Göç; varlık âlemi için kaçınılmaz bir gerçektir. Bazen yıldızların sürüklenmesi gibi varlıksal bir zaruret, bazen, türlü hayvanların yaratılış gerçeği, bazen de insanlarda olduğu gibi, gereklilik halinde gerçekleşen bir mekân, cisim ve ruh değişikliğinin adıdır göç.
Göç kavramının sözlükteki tanımını bilmiyorum ama bendeki bir tanımı da şöyledir: Sahip olunan maddi ve manevi hali, başka bir noktaya taşıma çabasıdır. Böylece her göç (değişim), risk almayı beraberinde getirir. Bunun için de her göç, bir bedeli göze almaktır aynı zamanda.
Dünya üzerinde birçok canlı türü her yıl, bazıları da yıl içerisinde birkaç defa uzun soluklu göçlere girişirler. İçlerinde kelebek gibi çok küçük canlılardan kuşlara, devasa balinalardan Afrika’daki antilop sürülerine kadar nice çeşitleri vardır. Uzun ve meşakkatli yolculukları, onları bir bedel karşılığında kazançlı çıkarır. Bu bedel bazen ölüm kalım meselesi olsa bile çoğu zaman yaşam kazanır ve hayatın devamlılığı sağlanır. Böylece hayvanların her göçü için de bir gerekçe yaratılmış olur. Yani boş yere sürüklenmek diye bir şey yoktur onlar için. Beslenmek ve üremek gibi haklı bir gerekçe onların yaratılış kodlarına işlenmiştir.

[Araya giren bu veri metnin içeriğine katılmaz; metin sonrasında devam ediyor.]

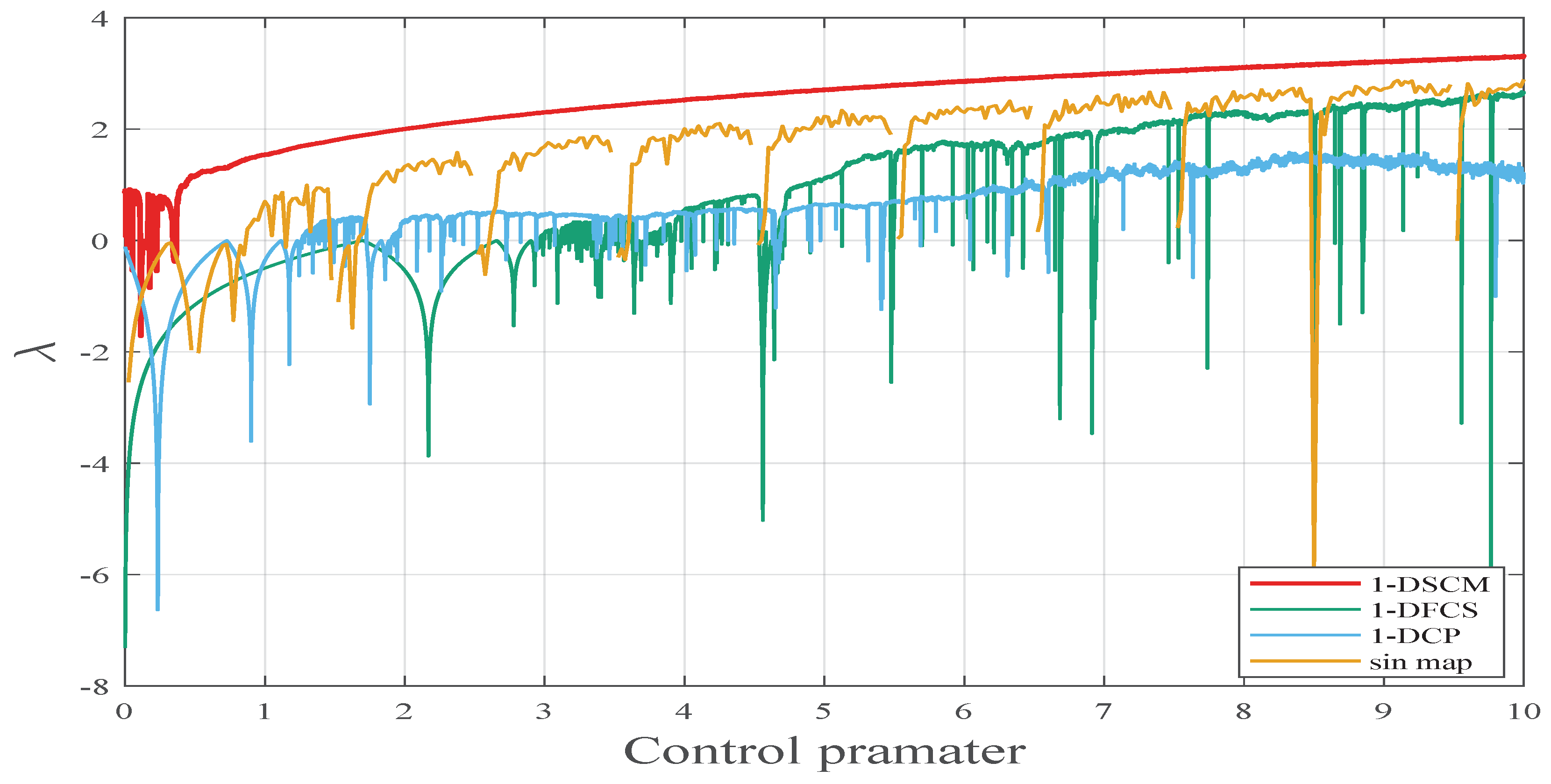Mathematics 11 04411 g004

İnsanlık tarihi de göçlerle anılmaktadır. Bazen bu göçler kavimler çapında ve yüzyılları bulan bir süreçte gerçekleşmiştir. Bazen de bir şehirden öteki şehire, bir köyden diğerine gerçekleşmiştir. Bazıları uzun bazıları kısa sürmüştür. Bazıları büyük kalabalık nüfuslarla, bazıları da küçük aileler, hatta fertler bazında gerçekleşmiştir.
Göçler sadece mekânsal olarak da gerçekleşmez. Ruhsal, düşünsel, fikirsel göçler de vardır. Putperest bir dünyadan İbrahimî bir inanca da göç olabilir. Zalim ve katı bir yürekten, (türlü vesilelerle) naif ve yufka yürekli bir ruha da göç edilebilir. Kaba ve bencil bir halden zarafete de göç olur, tüm bunların aksi de olabilir.

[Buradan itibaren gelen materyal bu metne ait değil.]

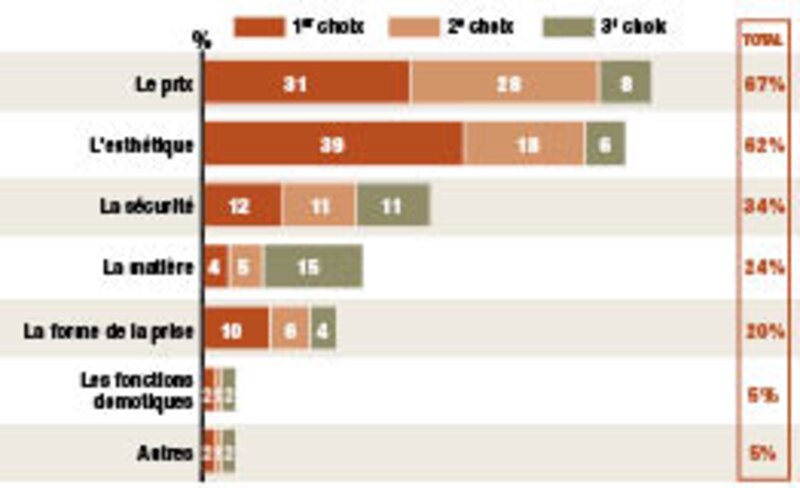 Image d'illustration de l'article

İnsanların göçünü diğer göçlerden ayıran şey, nedenleridir. İnsan dışındaki her varlığın göçü, yaratanın emrinde sünnetullah gereği, yaratılış amaç ve şekillerine göre kusursuz gerçekleşir. İnsanın göçünün nedenleri ise kendinde saklıdır. Bu nedenler çoğunlukla geçim ve güvenlik kaygısı, daha çok refah beklentisi, daha çok mal ve evlat ve toprak (erk-iktidar) elde etmek isteği, çıkar ve zevk beklentisi olmuştur. Bu göçler yaşanırken de hem göç sahipleri bedel ödemiştir hem de bu süreci ve neticesini gören herkes etkilenmiştir. Ve bugünkü dünya böyle şekillenmiştir. Göçmenler bazen kazançlı bazen de kaybeden olmuşlardır.

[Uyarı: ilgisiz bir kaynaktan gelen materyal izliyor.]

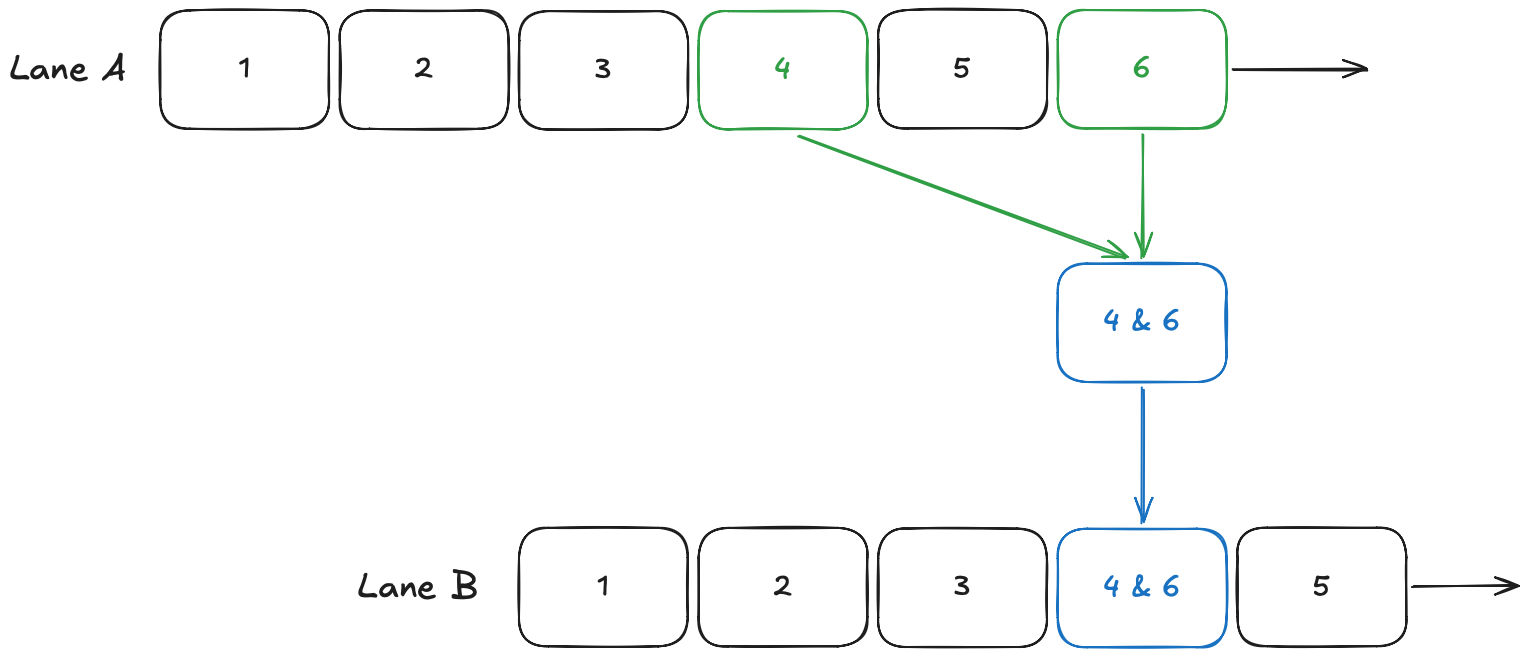 Lane A: checkpoints bundle into a package; bundle applies to Lane B—shared context across lanes.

İnsanlığın göçünden bahsederken, Müslümanlar için şöyle bir ek yapmak yazımızın maksadına uygun düşer sanırım. Rabbimiz kulları için yeryüzünde çeşitli rızıklar yarattığını, bunların araştırılıp, tesbit edilip maksadına uygun kullanılmasını uygun görmüştür. Bu arayış bir göç gerekçesi olmuştur. Bu arayış içerisinde zulme ve şirke bulaşanların tevbe edip, İslam’a göç etmeleri için de, birçok nebi ve kitap göç rehberliği etmiştir. Mekânsal göçten inanca göçte böylece devam etmiştir. Mazlum ve mustazaf duruma düşenlerin, köleleşerek yaşam ve inanç haklarını kaybetmektense zulümden kaçarak geniş olan arzda rızık aramak da, başka bir göç şekli olmuştur. İmandan sonra şirke bulaşarak ters istikamette bir göçte hep karşımıza tehlike olarak çıkmıştır.
Göç, sadece bir kaçış, kesin kazanç, son hedef ya da cennet-cehennem meselesi değildir. Müslüman için haklı ve zaruri bir arayıştır göç. Helalinden rızık arayışı, zulümden refaha hicret, hicretten fethe niyet, yerinde saymaktan terlemeye azmetmek, ataletten silkiniş, kaybedildiğinde kazanılan değerlerin kıymetidir göç. Ve Müslüman için; eksiklikten, bağlardan kaçışın adıdır göç. Eğer her zaman sakınılması gereken şeytanın hilelerinden korunursa Müslüman ve sabrederse Allah’ın izniyle her göçten kazançlı çıkar. Bize düşen sakınmak ve sabretmektir.
Rabbim, göçlerimizi hayırlı ve haklı kılsın. Zahmetli yolculuğumuzda bizi korusun. Zira ebedi göç; ahiret göçü hiç birimize uzak değil.
Selamun aleykum.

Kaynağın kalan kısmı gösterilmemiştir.